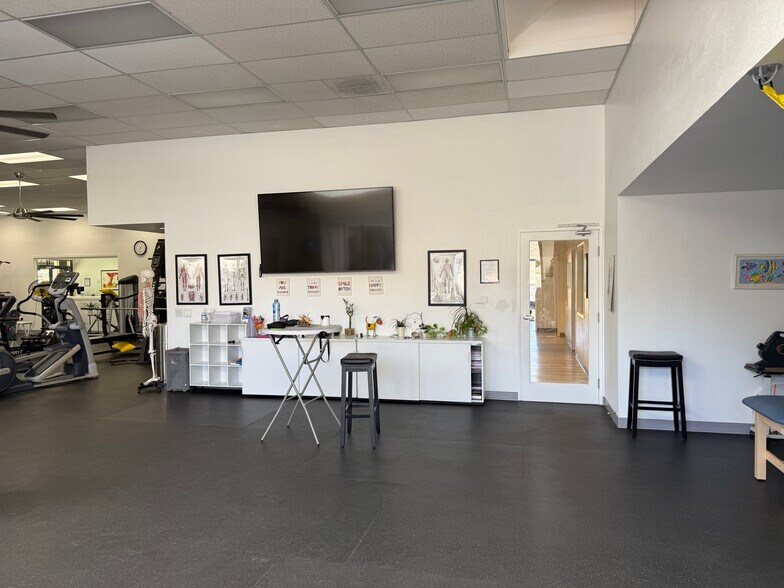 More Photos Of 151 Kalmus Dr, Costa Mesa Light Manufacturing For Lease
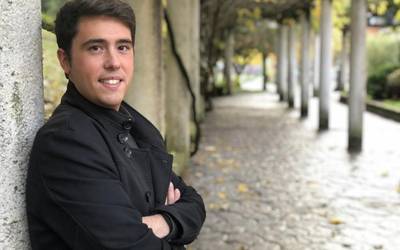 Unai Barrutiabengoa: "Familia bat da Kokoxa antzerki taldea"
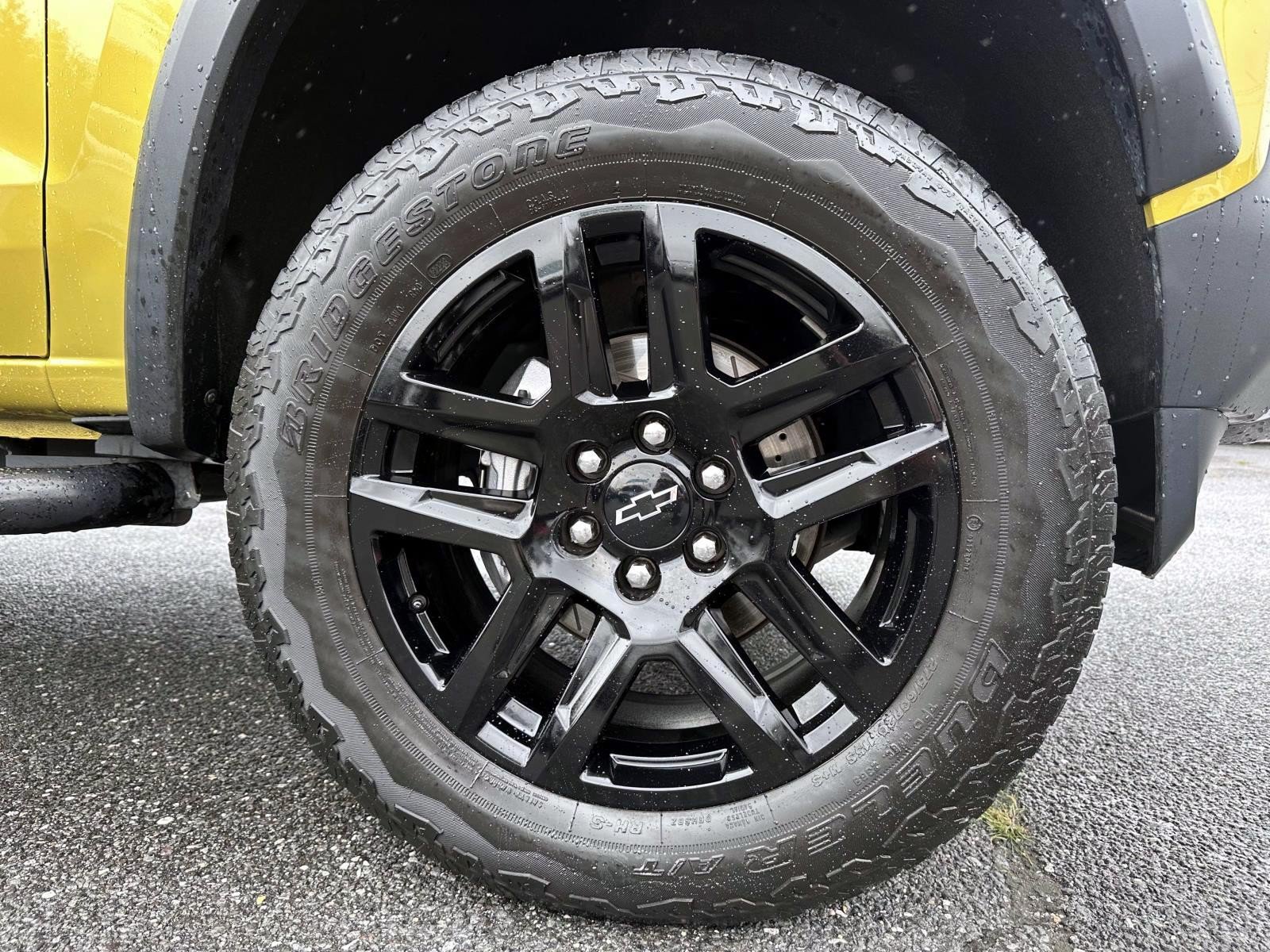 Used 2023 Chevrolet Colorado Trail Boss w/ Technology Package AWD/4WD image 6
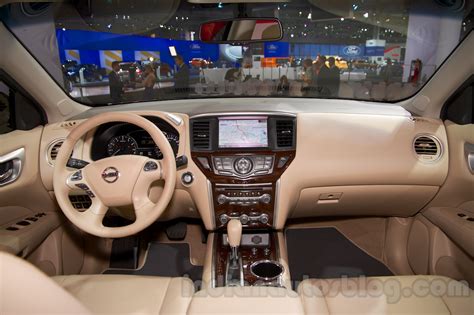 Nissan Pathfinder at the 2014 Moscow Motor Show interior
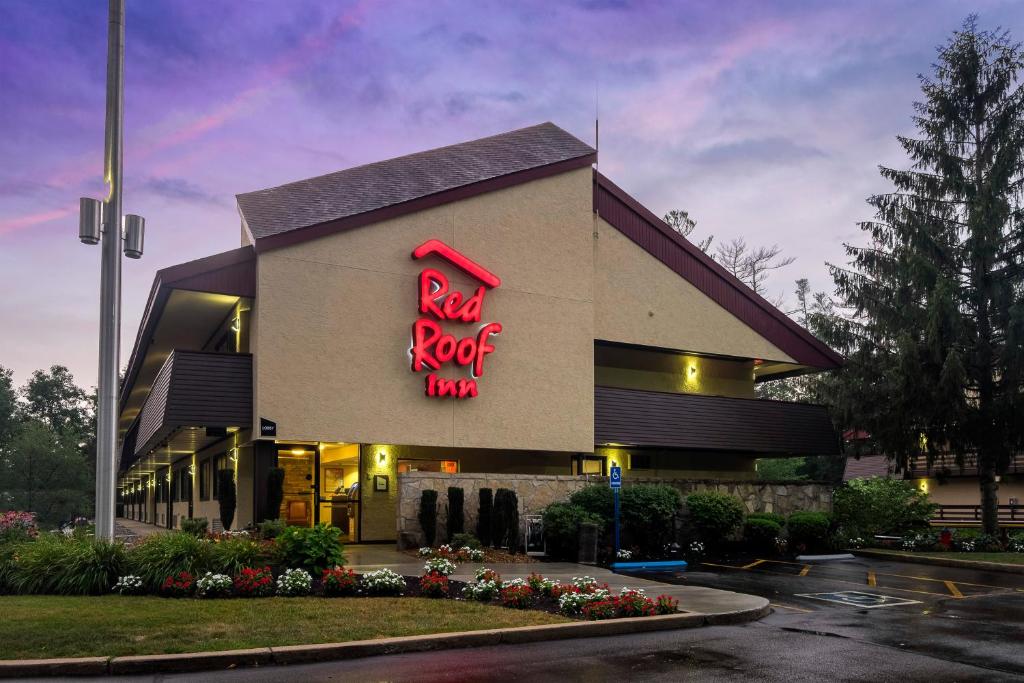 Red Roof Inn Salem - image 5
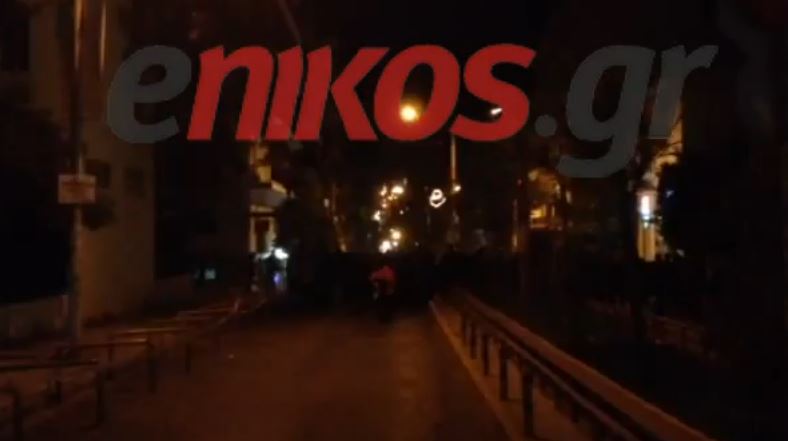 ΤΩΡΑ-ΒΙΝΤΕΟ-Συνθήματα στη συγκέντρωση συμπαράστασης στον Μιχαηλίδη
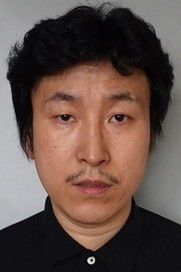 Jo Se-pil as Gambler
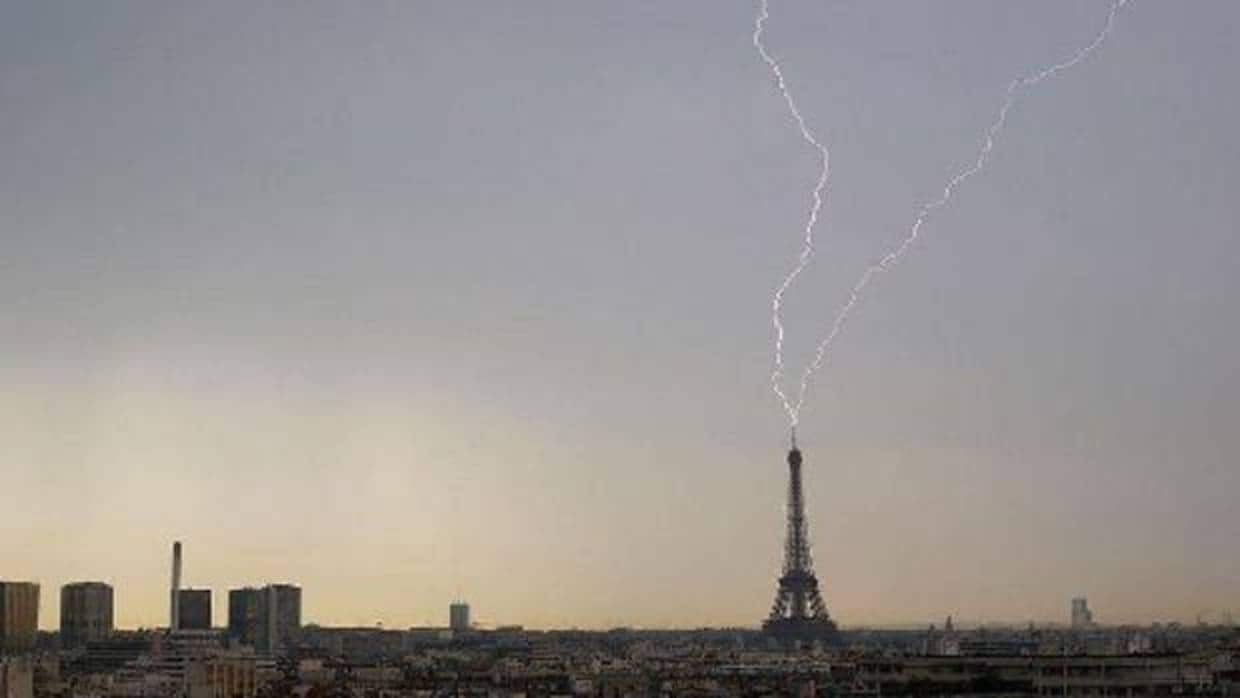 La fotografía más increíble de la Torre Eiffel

::::

• Directions for this task: Starting with the line that contains "Jo Se-pil as Gambler", repeat each line exactly until the listing ends, including the last one. Leave pictures out.

• Reply to the task:
 Jo Se-pil as Gambler
 La fotografía más increíble de la Torre Eiffel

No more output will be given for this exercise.